───── Dataset records ─────
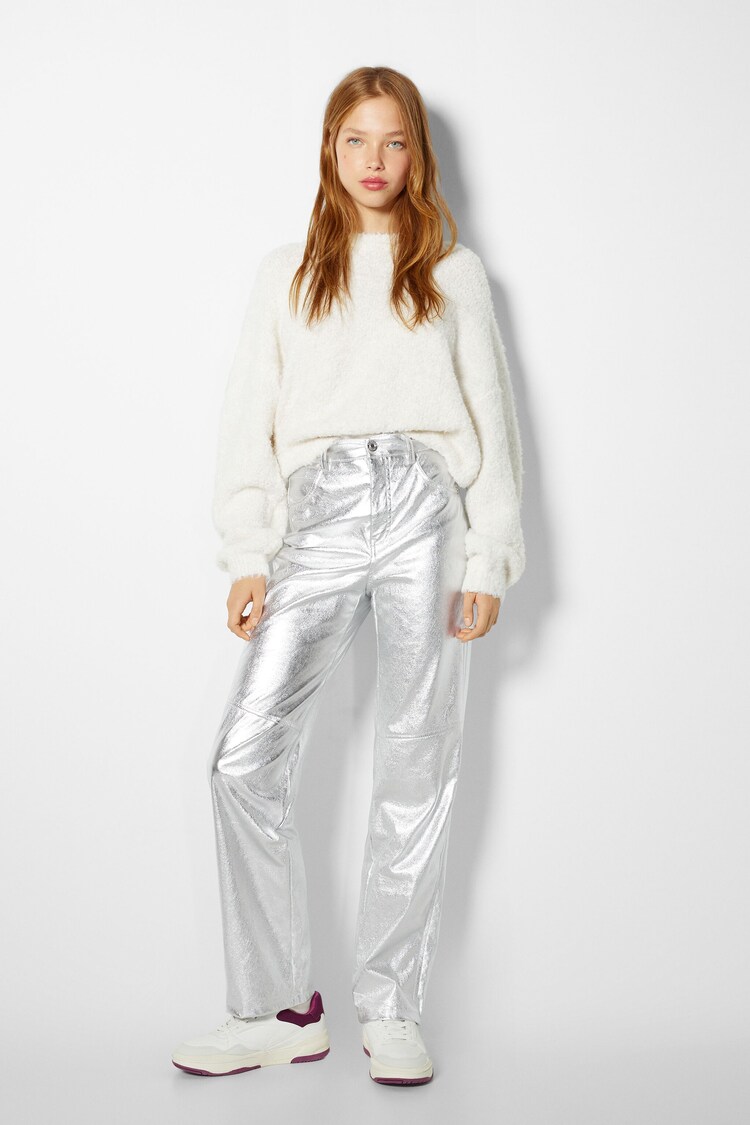 Metallic faux leather straight fit trousers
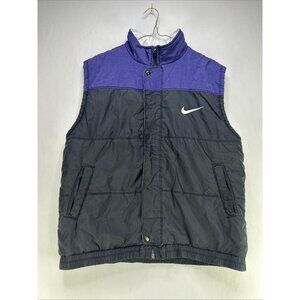 Vintage Nike Vest Large Youth (14-16) Zip Up Purple And Black Puffer Vest 90’s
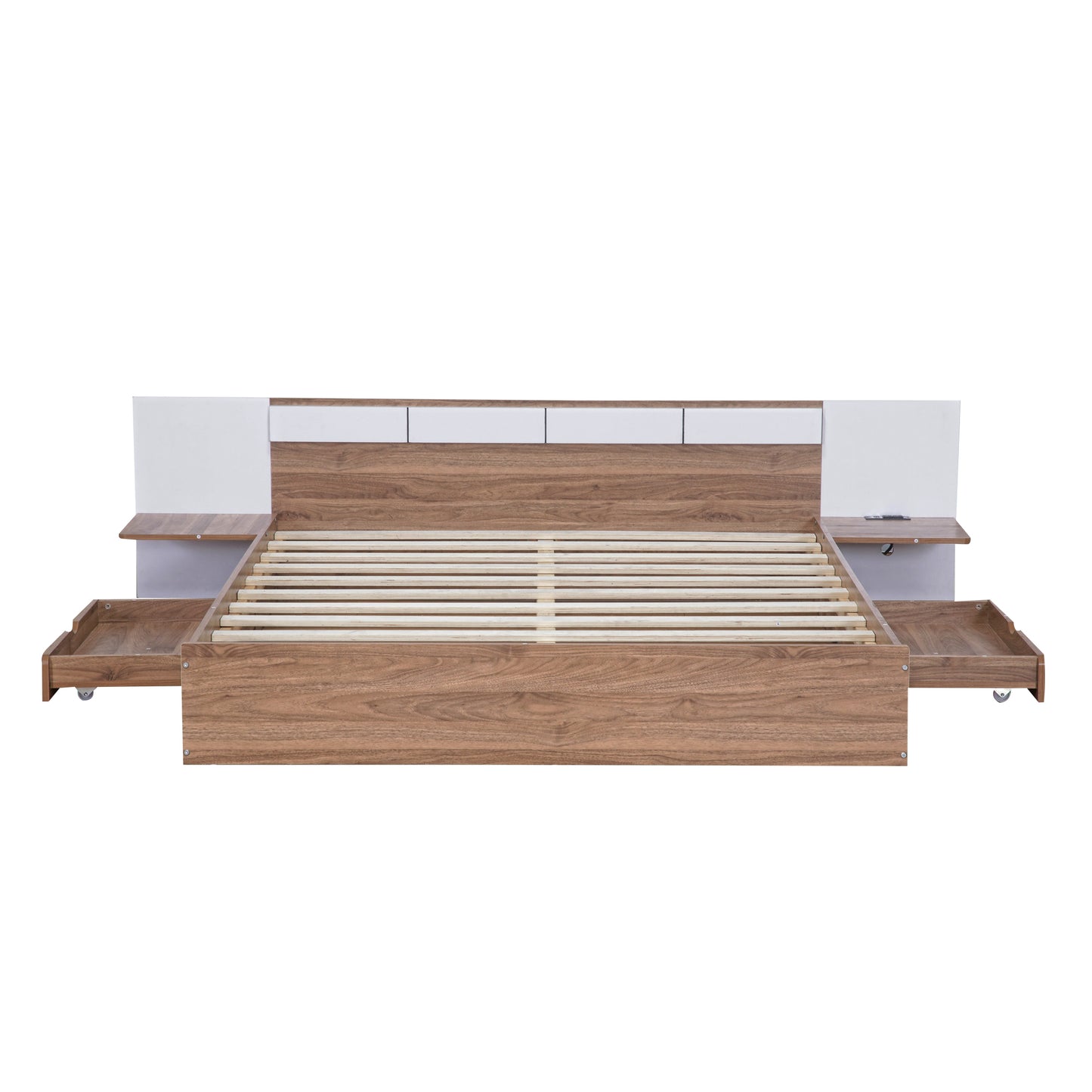 Queen Size Platform Bed with Headboard, Drawers, Shelves, USB Ports and Sockets, Natural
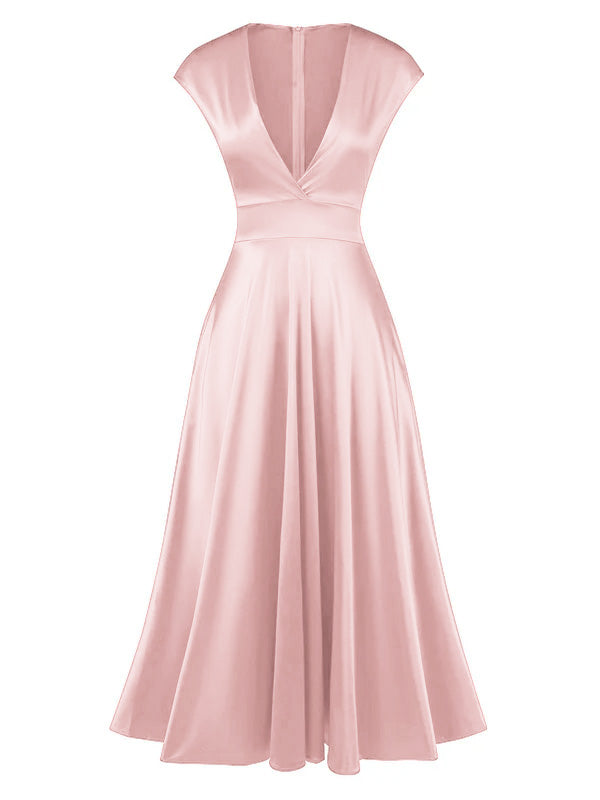 1930s Solid Deep V-Neck Satin Dress - vintage dress, retro fashion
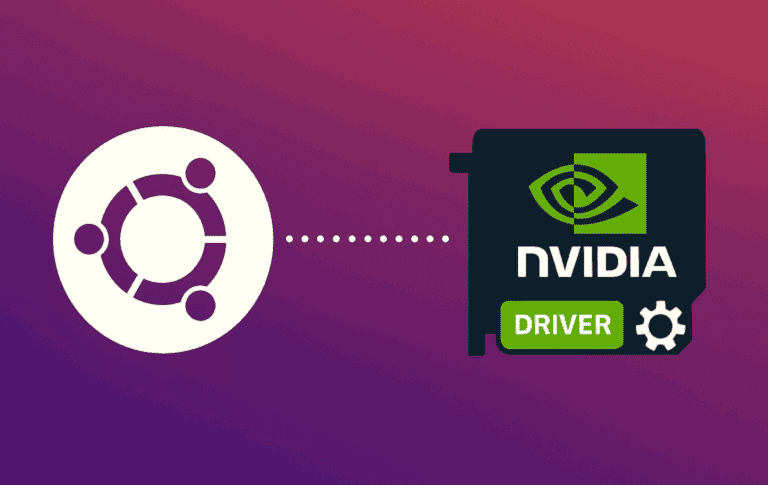 Ubuntu logo connected to NVIDIA graphics card with driver text showing GPU driver installation process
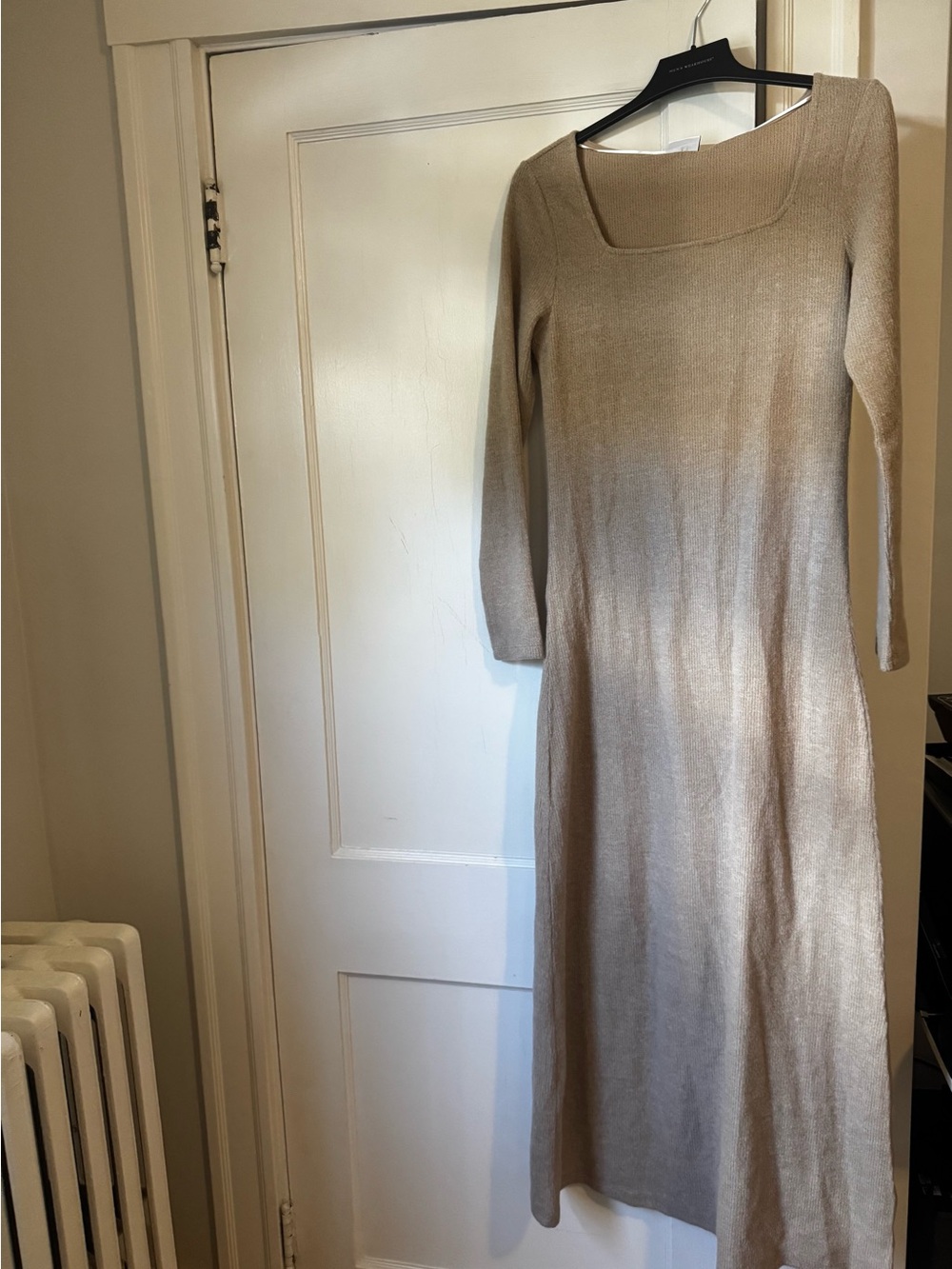 VILA Beige Long-Sleeve Knit Maxi Dress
─────
→ Exercise prompt
Take the line containing "1930s Solid Deep" and every line after it up to the end of the entries, and quote them exactly. Both ends count; the pictures do not.

→ Answer to the problem
 1930s Solid Deep V-Neck Satin Dress - vintage dress, retro fashion
 Ubuntu logo connected to NVIDIA graphics card with driver text showing GPU driver installation process
 VILA Beige Long-Sleeve Knit Maxi Dress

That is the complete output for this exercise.